Only the lines from the one holding "Danskin Gray Patterned Women's Leggings" to the end of the data should be echoed, exactly as they appear, minus the pictures.

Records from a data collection
------------------------------------------------------------------------

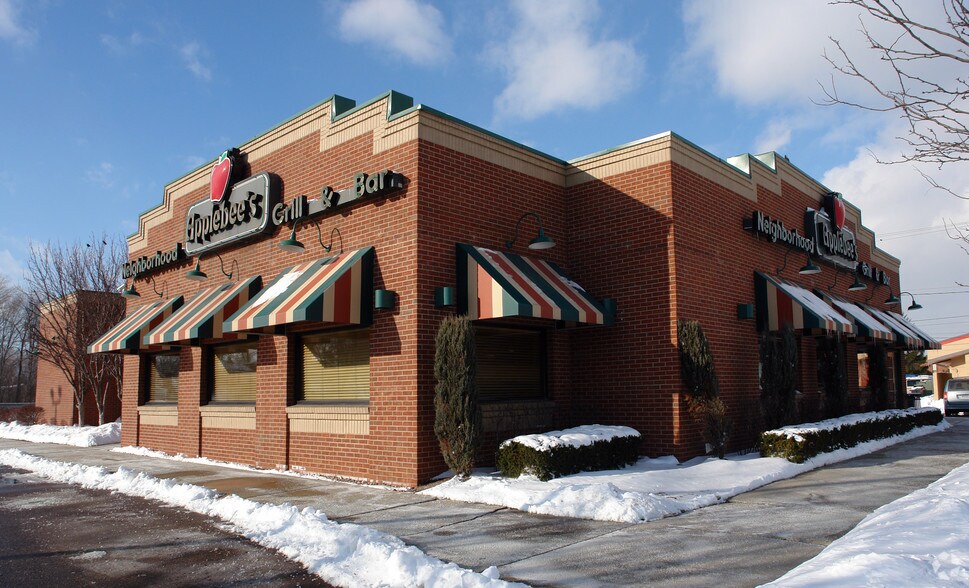 31653 Gratiot Ave, Roseville, MI à vendre - Photo principale – Image 1 sur 11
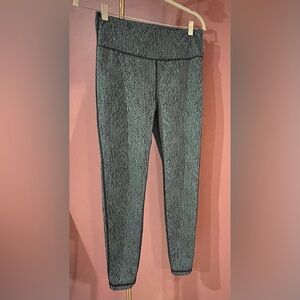 Danskin Gray Patterned Women's Leggings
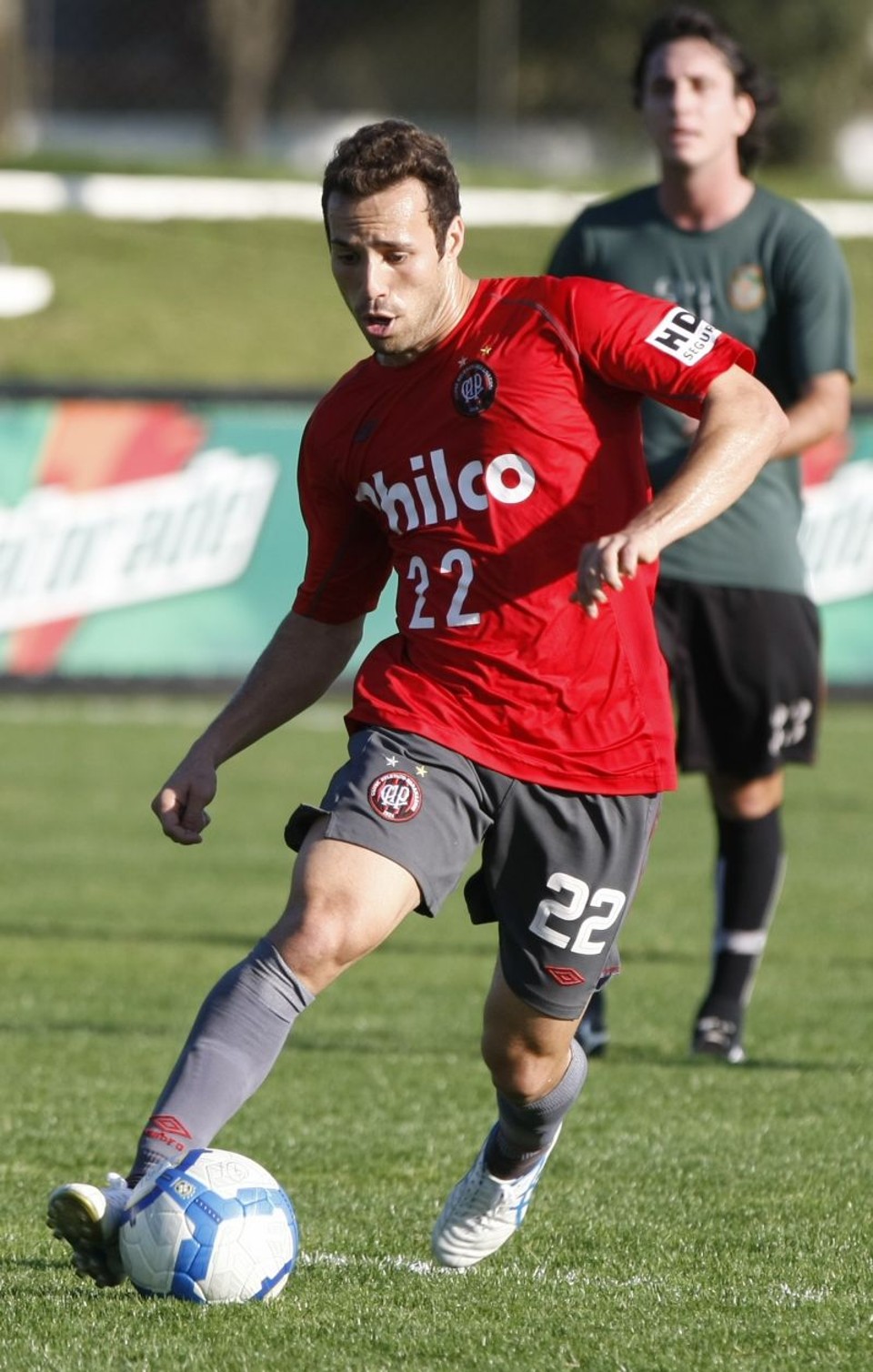 Com Branquinho, Atlético encontra o reserva-padrão Branquinho: dez jogos sob o comando de Carpegiani, nenhuma chance de jogar os 90 minutos | Daniel Castellano / Gazeta do Povo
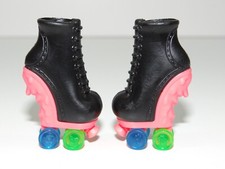 Patins Monster High Ghoulia Yelps Skultimate Roller Maze preto comprar usado  Enviando para Brazil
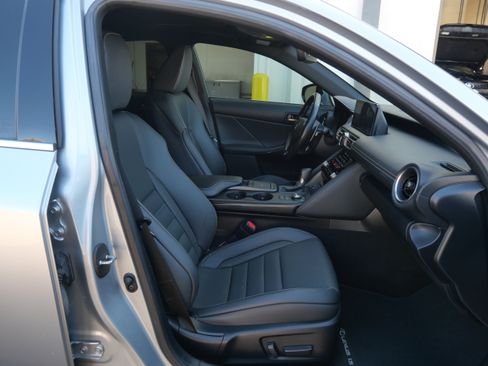 Certified 2022 Lexus IS 350 F Sport w/ Dynamic Handling Package image 14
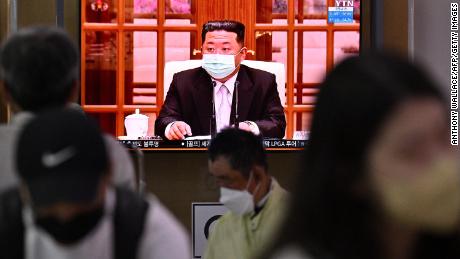 เกาหลีเหนือประกาศผู้เสียชีวิตจากโควิดรายแรกท่ามกลาง 'ระเบิด'  การระบาด 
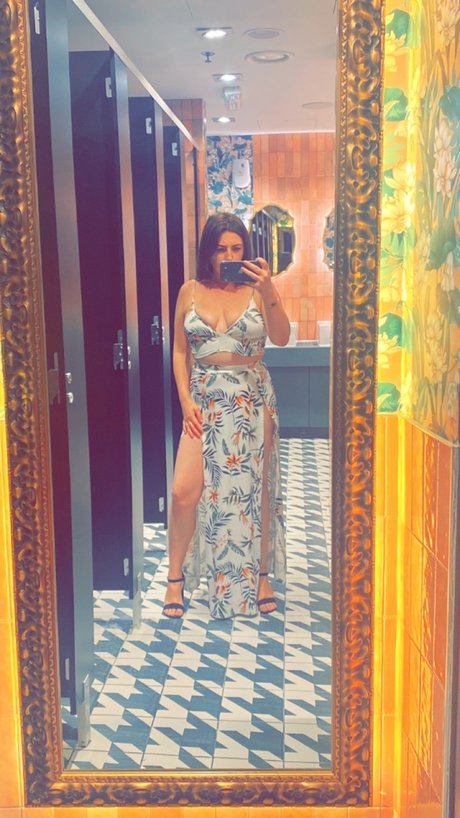 Foto di nudo di fuga di OnlyFans di Missblueyees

------------------------------------------------------------------------

-- Written reply --
 Danskin Gray Patterned Women's Leggings
 Com Branquinho, Atlético encontra o reserva-padrão Branquinho: dez jogos sob o comando de Carpegiani, nenhuma chance de jogar os 90 minutos | Daniel Castellano / Gazeta do Povo
 Patins Monster High Ghoulia Yelps Skultimate Roller Maze preto comprar usado  Enviando para Brazil
 Certified 2022 Lexus IS 350 F Sport w/ Dynamic Handling Package image 14
 เกาหลีเหนือประกาศผู้เสียชีวิตจากโควิดรายแรกท่ามกลาง 'ระเบิด'  การระบาด 
 Foto di nudo di fuga di OnlyFans di Missblueyees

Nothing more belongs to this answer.